The U.S. Supreme Court is stepping into a high-stakes legal showdown that could shake the foundations of how America keeps its rural and low-income communities connected.

At the center of the storm is the Federal Communications Commission’s Universal Service Fund — a $9 billion-a-year initiative that’s been powering broadband and phone access for underserved groups for nearly three decades. But now, the fund’s very existence is under constitutional fire.

The core argument? Critics say the FCC has been operating beyond its bounds, acting like a tax-collecting body without Congressional oversight. And the justices are about to decide whether that’s a bridge too far.

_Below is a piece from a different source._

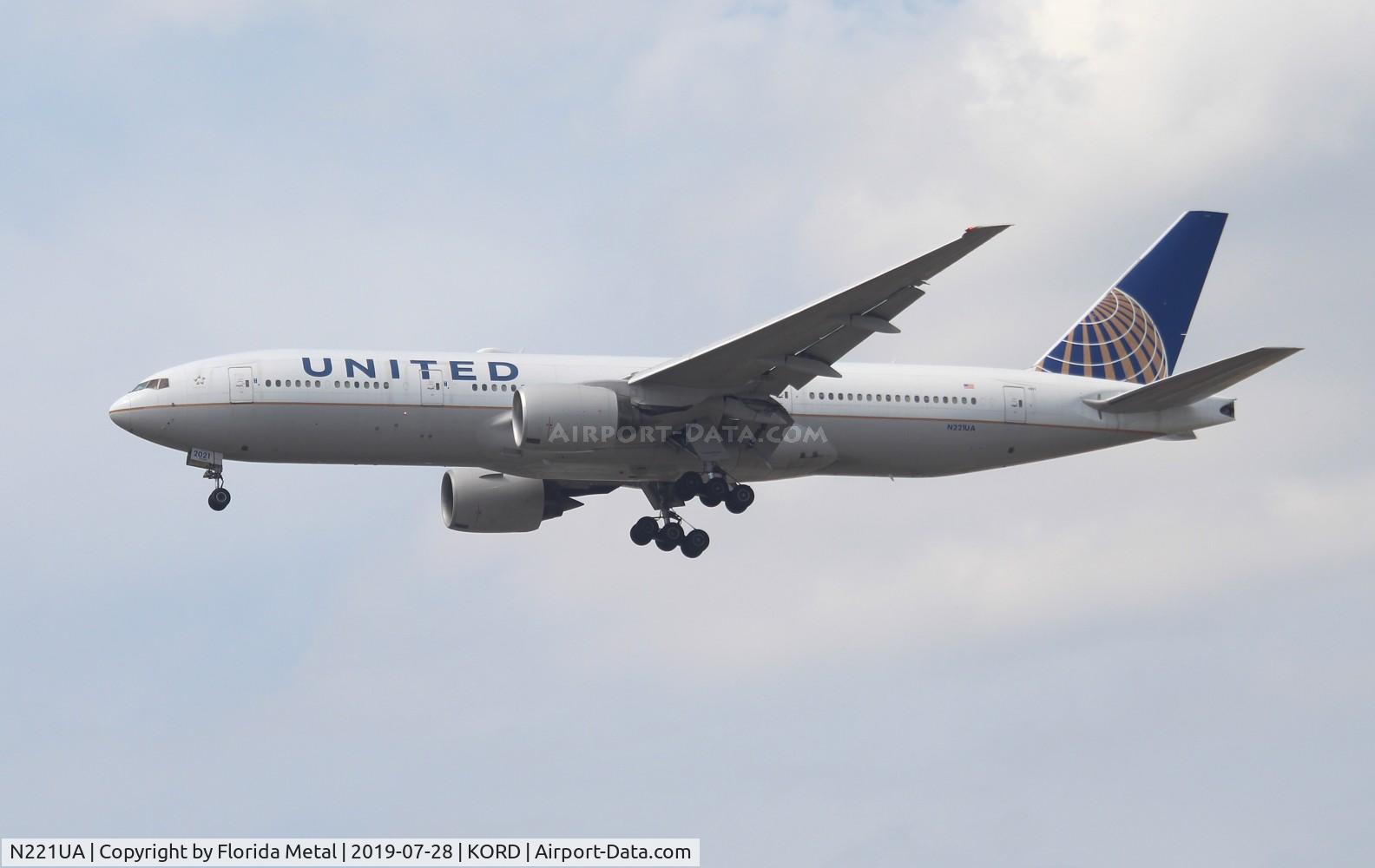 N221UA, 2001 Boeing 777-222 C/N 30552, United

The case stems from a 2024 decision by the 5th U.S. Circuit Court of Appeals, where a sharply divided bench ruled the funding mechanism unconstitutional. The ruling didn’t pinpoint a single violation but instead condemned what it called a dangerous cocktail: an overly broad delegation of power by Congress to the FCC, followed by an improper handoff of authority to a private company.

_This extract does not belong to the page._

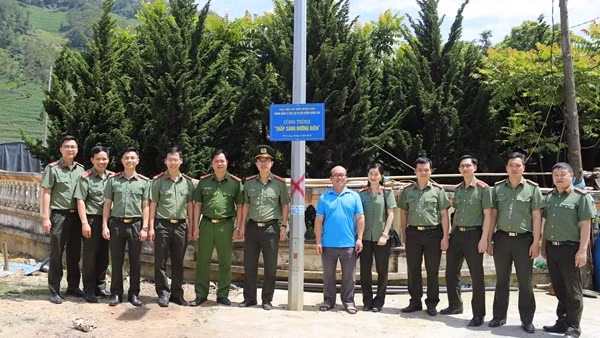 Về xã Pha Long "thắp sáng đường biên", sẻ chia khó khăn với người dân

That private entity — the Universal Service Administrative Company — collects payments from telecom giants and distributes the funds to schools, libraries, tribal lands, and low-income users. Opponents, including conservative watchdog Consumers’ Research and a small telecom carrier, claim the FCC gave USAC far too much power, letting it shape funding formulas and collection strategies with minimal oversight.

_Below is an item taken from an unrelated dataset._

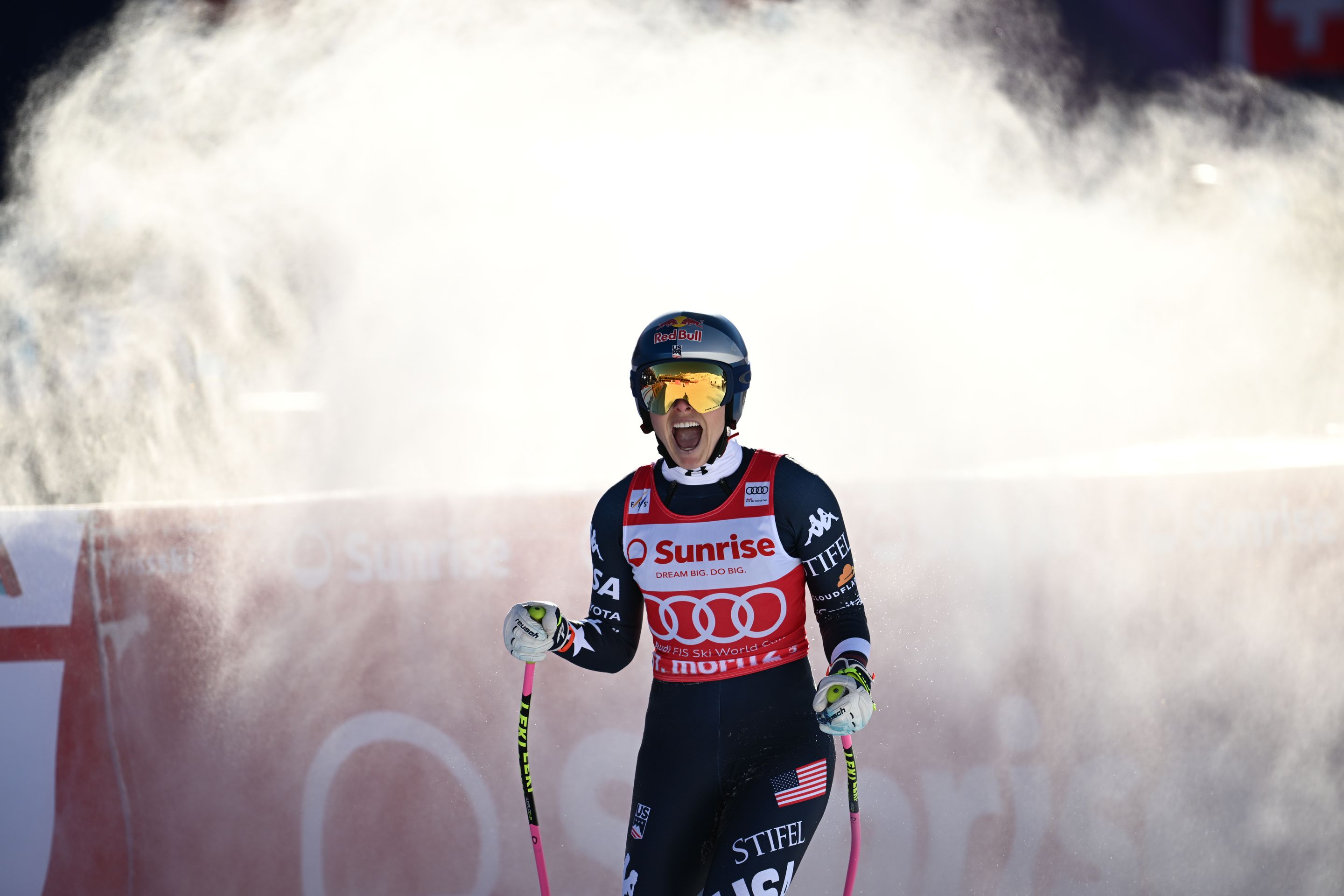 Lindsey Vonn (USA/Head) reacts after skiing into the lead on Saturday. Unlike Friday, however, her lead didn't hold up. ©FIS/ActionPress/Simon Hausberger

Their argument is rooted in the “non-delegation doctrine,” a dusty but potent constitutional principle that says Congress can’t just toss its lawmaking power to other entities — especially not to unelected regulators or private corporations.

The FCC, in turn, insists that it has stayed within the lines Congress drew back in 1996 when the Telecommunications Act was passed. According to the agency, it hasn’t handed over the reins of governmental power to USAC but simply relies on it for technical administration.

This is more than a bureaucratic battle. A ruling against the FCC could ripple across other federal agencies, especially in a legal climate where the Court has grown increasingly skeptical of regulatory overreach. With a 6-3 conservative tilt, the justices have already trimmed the wings of several federal bodies in recent years — though the non-delegation doctrine itself has yet to make a major comeback.

All eyes are now on the Court as it hears arguments this week. A decision is expected by the end of June — one that could either reaffirm the federal government’s role in bridging the digital divide or force a dramatic rethinking of how that mission is funded.